One option now offered to men who are diagnosed with seemingly less aggressive prostate cancer is active surveillance or “watchful waiting.”
The idea is that some patients won't need treatment; their cancer will not progress and they can avoid surgery or other invasive treatment. The theory goes that if the cancer does progress, they can be treated at that time.
It's easy to see why the option is attractive. What man would want to have a radical prostatectomy or other invasive treatment if a “wait and see” approach would work.
Unfortunately, in many cases, it doesn't. The more appropriate name for “watchful waiting” is “wishful waiting.”
We need to ask: Is cure necessary when possible?
In my opinion, the answer, in most cases, is an unequivocal yes.
Disadvantages of Active Surveillance
At the time of diagnosis, no physician can tell a patient how his prostate cancer will progress unless it has the characteristic features of aggressive cancers: Gleason grade 7 or higher, extensive involvement of biopsy cores with cancer, or rapidly rising PSA.
One sure thing is that the patient has cancer in the prostate. Another is that what appear to be less aggressive and low volume tumors can change to aggressive and fast growing tumors in the midst of “watchful waiting.”
In those cases, the opportunity is missed to remove the cancer when cure was possible.
The main disadvantages of active surveillance are:
It can delay prompt treatment of life-threatening tumors.
It requires repeated biopsies that often make subsequent nerve-sparing surgery more difficult.
It causes many patients anxiety about living with untreated cancer, thus diminishing their quality of life.
No Validated Criteria
Validated criteria for selecting patients to participate in active surveillance don't exist. In addition, no validated triggers for switching from surveillance to active treatment exist.
Perhaps, with more refined tests and more genetic information, validated criteria will be established. But for now, the present “wait and see” just isn't good enough.
Our study, and others, show that some patients who would seemingly qualify for surveillance from their biopsy and other diagnostic information – but decided to be treated with prostatectomy – had aggressive tumor features in their prostatectomy specimens. If they had postponed treatment, the cancer would most likely have been advanced and cure would not have been possible.
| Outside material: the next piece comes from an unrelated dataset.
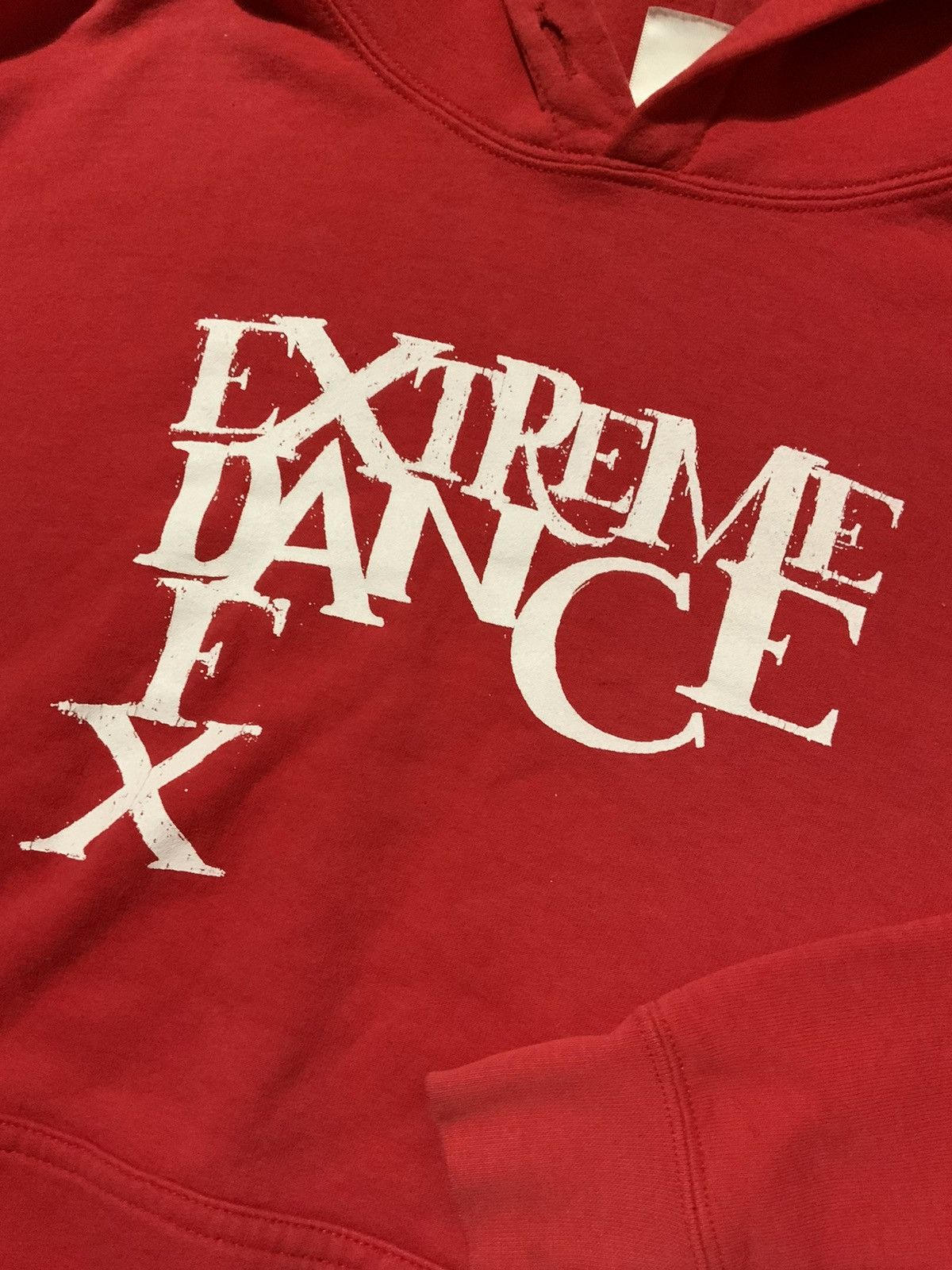 Other Extreme Dance FX EDFX Americas Got Talent Season 3 Hoodie Size US S / EU 44-46 / 1 - 5 Thumbnail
Treatments After Active Monitoring
In a Toronto study (Klotz L, Urol. Oncol, 2006), 200 patients in active monitoring were followed for up to 10 years. About 60% remained on active monitoring, but of patients who underwent radical prostatectomy because their cancer had progressed; 58% had tumor extension beyond the prostate and 8% had lymph node metastases.
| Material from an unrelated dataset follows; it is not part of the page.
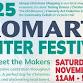 Cromarty Winter Festival - Meet the Makers event in Cromarty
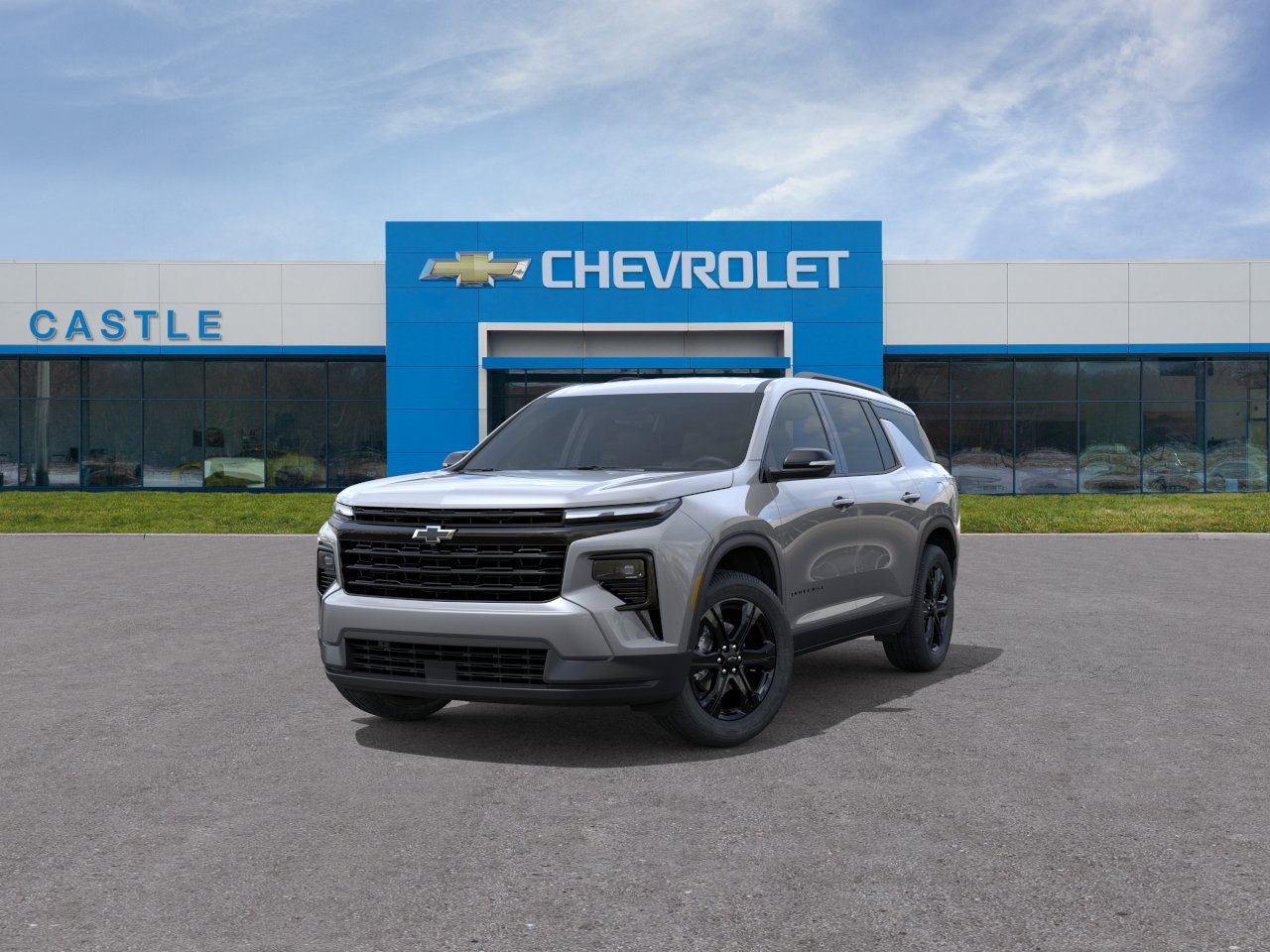 Vehicle thumbnail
In a Johns Hopkins study of 48 patients who had a radical prostatectomy after failing active surveillance, 35% had extraprostatic extension (EPE) of their cancer, the spreading of prostate cancer outside of the prostate; 15% had positive margins, cancer cells at the edge of tissue that's been removed; and 6% had seminal vesicle/lymph node involvement.
Cancer Cells Divide Exponentially
Cancer cells increase in number exponentially with each cell division: from 1 to 2 to 4 to 8 to 16 to 32 to 64 and so on to a rapidly increasing large number. While we know each subsequent cell division results in a doubling of cancer cells; we don't know the number of cancer cells multiplying – and the rate of that doubling – between each PSA or biopsy during the “watching.”
Some Patients Slip Through the Cracks
With both active surveillance and focal therapy (the lumpectomy of prostate cancer), potentially life-saving treatment may be delayed in some patients with initially understaged disease, meaning the initial biopsy did not reflect true involvement and aggressiveness of the cancer.
Some of these patients will slip between the cracks and unnecessarily suffer and die from prostate cancer.
In healthy men with potentially curable prostate cancer and a long life expectancy, active surveillance and focal therapy should be considered investigational.
More clinical research is needed to evaluate the tradeoffs before they can be considered legitimate treatment options.